Includes unlimited streaming via the free Bandcamp app, plus high-quality download in MP3, FLAC and more.
***All proceeds from the sale of this track will go to support Health Care for the Homeless***
Purchasable with gift card
$1USD or more
Settle by Ledah Finck considers what we can do to help those experiencing homelessness.
"We settle for less; we settle for giving a dollar when we wish we could give warmth and safety. Some of us settle in big furnished houses where the electricity is always on, some settle down when we don’t know where else to go, and some settle in whatever scrap of shelter we can find.
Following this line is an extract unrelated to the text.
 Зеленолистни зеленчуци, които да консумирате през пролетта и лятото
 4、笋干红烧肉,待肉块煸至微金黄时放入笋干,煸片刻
When I moved to Baltimore from North Carolina in 2014, and during all my visits to Baltimore before that, one of the most immediate and jarring things I noticed was the ubiquity of people who clearly spent a lot of time on the streets. I’ve never been directly affected by
homelessness, and likely never will be thanks to the network of relatively resource-rich friends and family I’m privileged to have. However, living in Baltimore or in cities like it means that during the course of most days, when walking to work or home or the store, you can expect a small encounter with a person who asks for spare change or for help of some other kind. It’s a reality that I and many of my peers don’t know that much about, and we struggle to know the “correct” way to respond to this kind of interaction with a stranger on the street. I’ve also learned that there is a good deal of stigma and stereotyping towards those experiencing homelessness: they enjoy it, they’re lazy, they’re criminals. Particularly troubling to me are the split-second judgments one makes when encountering homelessness, about the person’s character, the level of threat they may pose, and whether or not they are worthy of our attention or a dollar. We can’t know everyone’s story, and we can’t help every person we interact with. But we can remember that no person wants to be without access to a healthy and stable living situation, and that most homeless individuals have likely experienced extreme hardship. According to the National Coalition for the Homeless, the average life expectancy for the homeless population is between 42 and 52 years, compared to 78 years for the general population.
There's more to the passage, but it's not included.